Pass the domain option to convert relative links to absolute links:

{
    "html": "<a href='/page.html'>link text</a>",
    "domain": "https://example.com"
}

The response:

{ "markdown":"[link text](https://example.com/page.html)" }

Plugins

To enable the strikethrough plugin, send this request:

{
    "html": "<s>strikethrough text</s>",
    "plugins": {
        "strikethrough": {}
    }
}

The response:

{ "markdown":"~~strikethrough text~~" }

These plugins are currently available:

  • commonmark

    Implements Markdown according to the Commonmark Spec. This is automatically enabled.

  • strikethrough

    Converts strikethrough the "~~" syntax. Implements according to the GitHub Flavored Markdown Spec.
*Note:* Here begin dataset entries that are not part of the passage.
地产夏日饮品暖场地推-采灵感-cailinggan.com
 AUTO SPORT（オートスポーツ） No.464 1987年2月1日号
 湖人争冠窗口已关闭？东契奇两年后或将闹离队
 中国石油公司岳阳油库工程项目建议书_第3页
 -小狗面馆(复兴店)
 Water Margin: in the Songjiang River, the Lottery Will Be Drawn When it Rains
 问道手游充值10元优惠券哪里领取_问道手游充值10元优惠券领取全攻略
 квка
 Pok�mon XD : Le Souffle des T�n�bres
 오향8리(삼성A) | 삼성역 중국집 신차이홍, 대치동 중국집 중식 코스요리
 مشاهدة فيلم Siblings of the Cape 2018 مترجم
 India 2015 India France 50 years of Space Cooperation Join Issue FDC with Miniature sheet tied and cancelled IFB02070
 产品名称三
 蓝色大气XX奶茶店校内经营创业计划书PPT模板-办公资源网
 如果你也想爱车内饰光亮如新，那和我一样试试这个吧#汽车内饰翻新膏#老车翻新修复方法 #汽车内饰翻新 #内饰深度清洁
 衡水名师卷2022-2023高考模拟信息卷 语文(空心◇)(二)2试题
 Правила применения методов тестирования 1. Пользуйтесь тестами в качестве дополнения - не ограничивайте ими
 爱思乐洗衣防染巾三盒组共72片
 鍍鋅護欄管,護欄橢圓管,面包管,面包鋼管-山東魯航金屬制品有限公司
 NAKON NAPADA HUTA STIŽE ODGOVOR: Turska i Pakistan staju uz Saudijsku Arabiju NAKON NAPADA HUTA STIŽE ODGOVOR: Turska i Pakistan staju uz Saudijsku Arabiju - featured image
  • Advanced Edge-Cases Premium

    The web contains many pages. Some of them with quirks. This plugin tries to correct some of these rare edge-cases. If you have a paid subscription this plugin is automatically enabled.

Missing a plugin you need? Let's build it together! Write an email to [email protected] to get started.

Limits

Depending on the subscription there are different limits. See the pricing page for more info.

Contact

If you have any questions, please don't hesitate to write an email.


Errors

{
  "error": {
    "code": "HEADER_XAPIKEY_MISSING",
    "title": "the header 'X-API-Key' is required",
    "detail": "did you accidentally use the 'Authorization' header?"
  }
}

Here is a list of common errors:

  • DECODE_BODY_INVALID

    there is an error parsing the body

  • DECODE_BODY_TOO_LARGE

    request body too big

  • DECODE_HTML_CONTENT_MISSING

    no content found while parsing the body as html

  • DECODE_JSON_BODY_INVALID

    error while parsing the body as json

  • DECODE_JSON_CONTENT_MISSING

    no content found while parsing the body as json

  • DECODE_MULTIPART_BODY_INVALID

    error while parsing the body as multipart form

  • DECODE_MULTIPART_CONTENT_MISSING

    no content found while parsing the body as multipart form

  • FILETYPE_UNSUPPORTED

    this file type is not supported

  • HEADER_ACCEPT_MEDIATYPE_UNSUPPORTED

    the 'Accept' header defines an unsupported value

  • HEADER_CONTENTTYPE_CHARSET_UNSUPPORTED

    the 'Content-Type' header defines an unsupported charset

  • HEADER_CONTENTTYPE_INVALID

    could not parse the 'Content-Type' header

  • HEADER_CONTENTTYPE_MEDIATYPE_UNSUPPORTED

    the 'Content-Type' header defines an unsupported mediatype

  • HEADER_CONTENTTYPE_MISSING

    the header 'Content-Type' is required

  • HEADER_XAPIKEY_INVALID

    the api key is invalid

  • HEADER_XAPIKEY_MISSING

    the header 'X-API-Key' is required

  • METHOD_NOT_ALLOWED

    this http method is not allowed

  • PATH_NOT_FOUND

    this http path is not found

  • TOO_MANY_REQUESTS

    received too many requests in the timeframe